God bless the people who do so many of the jobs that most of us would rather not do in our communities – collect the trash from our homes, do regular maintenance on our sewage systems…for each of us, we could list out dozens of jobs we would happily let others do.  On top of it, we pray that our children can go to college so they don’t have to do those jobs.  None of us want to see our children struggle.  But the reality is, I think one of my sons will have a minimum wage, non-complicated job where he’s specifically trained to do one task as his “career” for the rest of his life.  I simply can’t change his IQ and I can’t undo neurological damage.  It’s because of (predominantly) this child that I think about how I will define success for my children.  Do I just admit to myself that he can never be successful because he will never be able to obtain our society’s current standard of success despite the fact that in the context of his own life story – he’s successfully achieved much more than I think he ever would have otherwise?  Or is success and each person’s ability to contribute to society need to be seen in a drastically different light?

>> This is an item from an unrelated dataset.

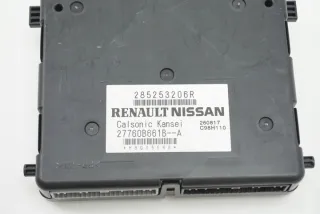 285253206R Блок комфорта Renault Clio 4 Арт e3839085, вид 2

I’ve been wrestling with this for months.  I find myself comparing my children to other children.  Blaming myself for not being able to get my big boys on grade level and overcome all the things we’ve struggled to overcome for the past 11 years.  It’s a dangerous game – comparing.  One that should never be played, but unfortunately is.  I’ve consciously turned my eyes towards my own family and have put up blinders for everyone else’s families until I can have better control over not comparing my children with others.  The thing is, I firmly believe that everyone contributes to his/her community in some way.  So what are my big boys going to be able to contribute?  Time will tell.  But in the mean time, I’ve been thinking –  we all joke about the fact that every family has that one “crazy” person in their family.  (You can define that however you want, but the reality is that it’s a special needs person in their family with varying degrees of severity.)  But the question remains, how do they contribute to our families and the community as a whole?  What do they have to offer?

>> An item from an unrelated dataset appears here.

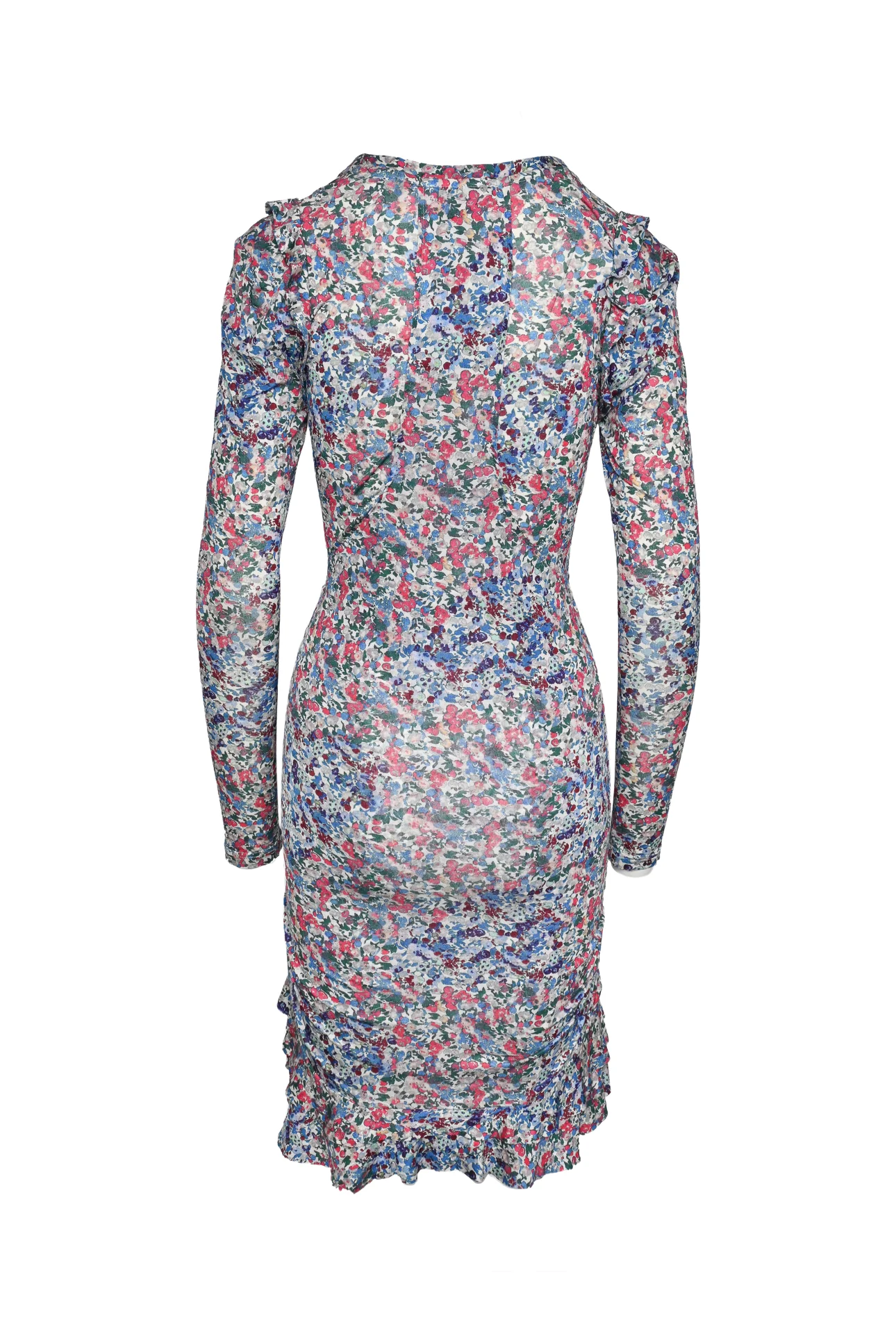 Isabel Marant Size 6 Sabia Dress - Image 2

What if their contribution to our families and communities is greater than our own?  What if their contribution is helping us obtain salvation?  I learned a long time ago from Bishop Anthony Bloom that God does not grant patience and bestow it upon us as a gift, but rather provides opportunities for us to learn patience.  What if that one person in each of our families that drives us nuts or requires extensively more work for us has a much greater calling than any of us – to provide opportunities for us to grow in kindness, patience, and love?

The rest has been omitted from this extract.